Sound of Freedom merupakan film bergenre Thriller yang diadaptasi dari kisah nyata. Film ini tayang di Amerika Serikat pada 4 Juli 2023 dan tayang perdana di bioskop Indonesia pada 24 Januari 2024. Film ini menceritakan tentang polisi Amerika Serikat bernama Tim Ballard yang berupaya mengungkap jaringan perdagangan anak di Kolombia demi menyelamatkan anak-anak yang diperdagangkan, diselundupkan, dan dijadikan budak seks. Nama Tim Ballard diambil dari sosok asli Tim Ballar yang merupakan seorang aktivis, pembicara, penulis, pendiri dan mantan CEO Operation Underground Railroad yang merupakan organisasi antiperdagangan seks. Tokoh Tim Ballard diperankan oleh Jim Caviezel yang pernah mendapatkan nominasi serta penghargaan Most Inspiring Movie Acting di MovieGuide Awards. Lembaga Sensor Film RI juga mengklasifikasikan film ini sebagai film dengan tema kemanusiaan dan pendidikan yang dapat ditonton oleh penonton usia 13 tahun ke atas sebagai bahan edukasi dan peningkatan kesadaran akan bahayanya modus dan pola perdagangan manusia, khusunya pada anak (https://lsf.go.id/movie/sound-of-freedom/, 2024)

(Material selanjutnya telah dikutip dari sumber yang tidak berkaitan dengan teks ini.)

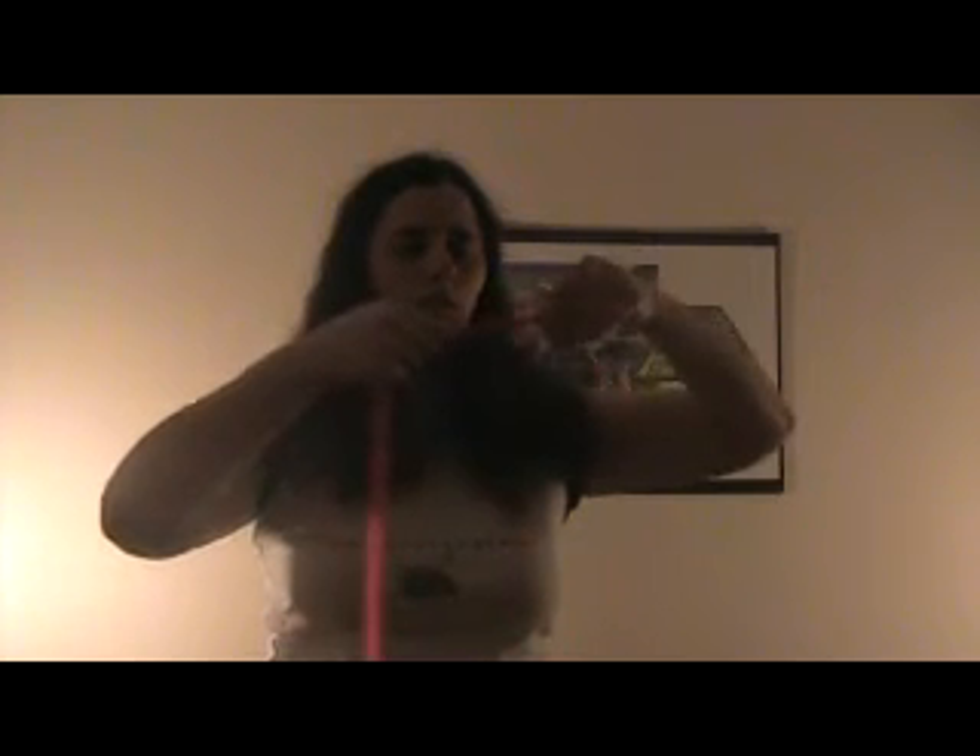This is called, by the way, a pull. When you have one section that you're getting ready to spin, it's called a pull. Now the next thing we're going to do is we're going to destaff it, and that just means wrap it around your wrist. It keeps it out of the way while you're spinning, and you can just unwrap one coil at a time as you need the fiber.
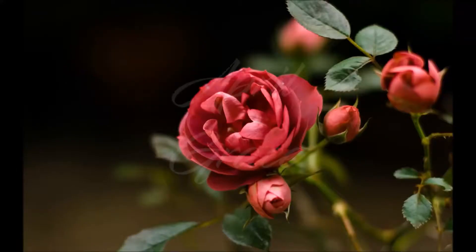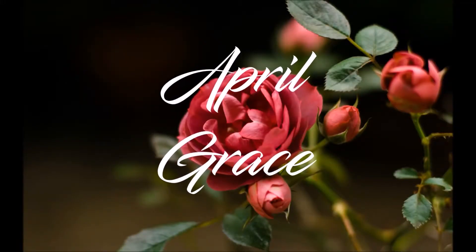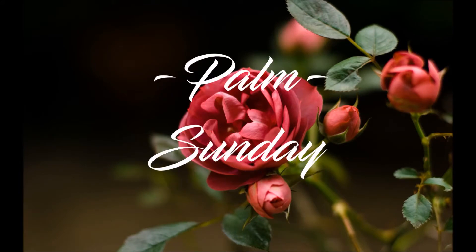Got her done! Guys, I did it! Hello, this is April Grace. So, it was just Palm Sunday yesterday, and I know one of the big things is how do you make the palm crosses?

Eksploitasi Anak yang Rakus: Perdagangan, Penyelundupan, dan Perbudakan

Cerita bermula ketika Gissele, perempuan yang mengaku dari majalah anak mendatangi rumah seorang bapak dengan 1 anak laki-laki dan 1 anak perempuan. Gissele menawarkan kedua anak tersebut menjadi model majalah anak dan ayah kedua anak tersebut setuju karena anak-anaknya menginginkan hal tersebut. Keesokan harinya kedua anak tersebut diantarkan oleh sang ayah ke salah satu kamar di apartemen yang di dalamnya sudah terdapat anak-anak lain. Ketika sang ayah ingin mengantar sampai ke dalam kamar, Gissele melarang dan mengatakan untuk menjemput anaknya di ruangan tersebut pukul 7 malam. Namun ketika malam tiba, ruangan tersebut tidak bisa dibuka dan ketika dipaksa buka sudah tidak ada siapapun di dalamnya. Ternyata anak-anak tersebut difoto untuk majalah yang targetnya adalah pedofil. Giselle mengatakan kepada anak-anak tersebut jika perlu melanjutkan sesi foto ke pantai, tapi ternyata mereka justru dibawa ke pelabuhan untuk diselundupkan dan diperdagangkan. Namun sebelum diberangkatkan, anak laki-laki yang diceritakan di awal cerita dibeli oleh seorang laki-laki dewasa. Di lain sisi, Tim Ballard yang merupakan polisi Amerika mendapatkan tugas untuk memberantas perdagangan manusia dikarenakan kasus kehilangan anak mengalami peningkatan signifikan. Ballard memulai usahanya dengan berpura-pura menjadi pedofil dan mendatangi salah satu pelaku pedofil di penjara. Ballard berpura-pura ingin membeli salah satu anak dan benar saja, pelaku pedofil tersebut memiliki buku yang berisikan foto anak-anak salah satunya dua anak yang diceritakan di awal cerita. Setelah mengetahui info keberadaan anak tersebut, Ballard dengan timnya segera melakukan razia di jalan raya dan menemukan anak laki-laki tersebut. Namun karena anak laki-laki tersebut sudah dipaksa melakukan hubungan seksual oleh laki-laki dewasa yang membelinya, ia menjadi takut untuk mendekati Ballard yang ingin menolongnya. Meskipun begitu pada akhirnya anak tersebut berhasil diselamatkan dan bertemu dengan ayahnya.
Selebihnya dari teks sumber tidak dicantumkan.